Islamic Common Market Proposed
Agence France Presse
KUALA LUMPUR, 4 October 2005 - The first World Islamic Economic Forum yesterday called for the establishment of an Islamic common market and floated a series of initiatives to boost business cooperation amongst Muslim nations.
A declaration issued at the end of a three-day meeting listed the initiatives and urged the 57 governments of the Organization of the Islamic Conference (OIC) to facilitate trade and business environments. Delegates called for governments to “consider the establishment of an Islamic Free Trade Agreement through regional and sub-regional FTAs in a step-by-step, time-bound process that would ultimately lead to an Islamic Common Market,” said the declaration.
Co-chairman of the forum, Musa Hitam, said a free trade accord signed by OIC member countries would be a “realistic” step toward achieving an Islamic common market, a long-held vision of the OIC. “That resolution reflects a recognition on the part of the business community of the difficulties, the patience, the care that needs to be paid attention to before we can realize this idea of free trade within the OIC community,” he told reporters.

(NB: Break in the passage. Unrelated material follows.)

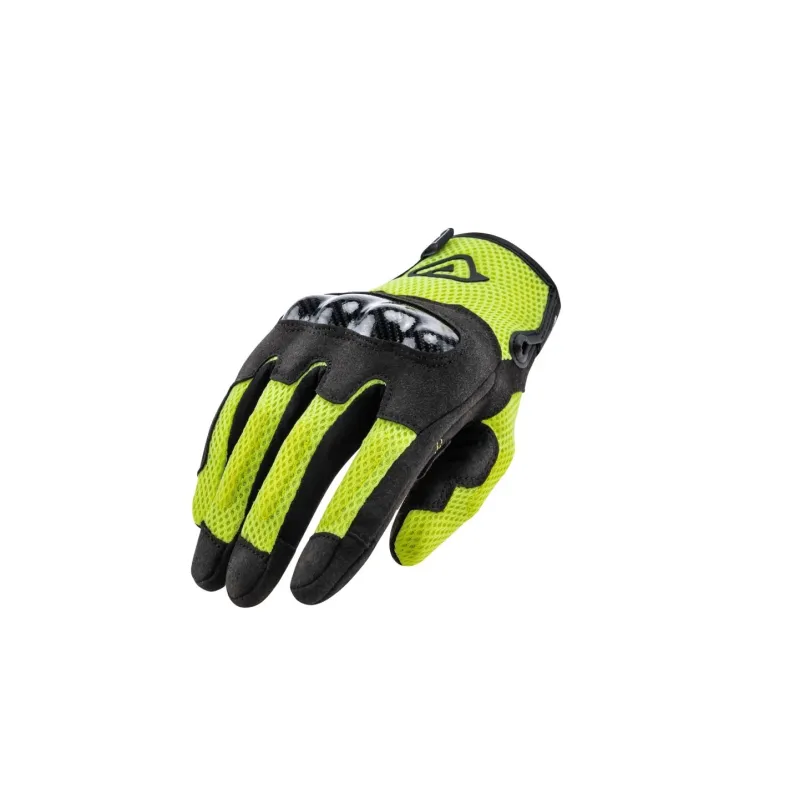 Kesztyű Ramsey My Vented - CE Level 1 3XL fekete-fluo sárga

The forum, which had debated poverty alleviation in Muslim countries, called for a private-sector sponsored World Islamic Economic Development Corporation to promote investment and infrastructure projects in OIC countries. It also floated plans for a global Islamic businesswomen’s network and an education trust to be funded by Muslim entrepreneurs emphasizing science and information technology arenas.
The forum pledged to “establish relevant task forces each led by a prominent Islamic business leader to develop specific practical implementation plans” for the initiatives.

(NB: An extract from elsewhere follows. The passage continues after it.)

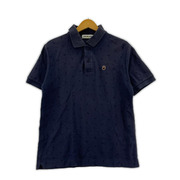 A BATHING APE ポロシャツ 紺 (M)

Musa said Muslim business communities had to lead the way in boosting economic cooperation and that the taskforces would meet in six months in Pakistan to assess their progress. The declaration was delivered to Malaysian Prime Minister Abdullah Ahmad Badawi, also the current chairman of the OIC.
Abdullah hailed the forum and urged delegates to step up efforts to promote investment and trade amongst OIC countries, rather than relying on rhetoric. “If we just talk and there is no implementation, nobody will take us seriously,” Abdullah said in a closing speech.
Calling for greater economic cooperation amongst OIC countries, Abdullah said intra-OIC trade made up a paltry six to seven percent of global trade, with many poorer nations left out of the loop. “Member countries often place a heavier emphasis on trade with industrialized, non-OIC countries. Of course, this has led to the poor performance of intra-OIC trade,” he said.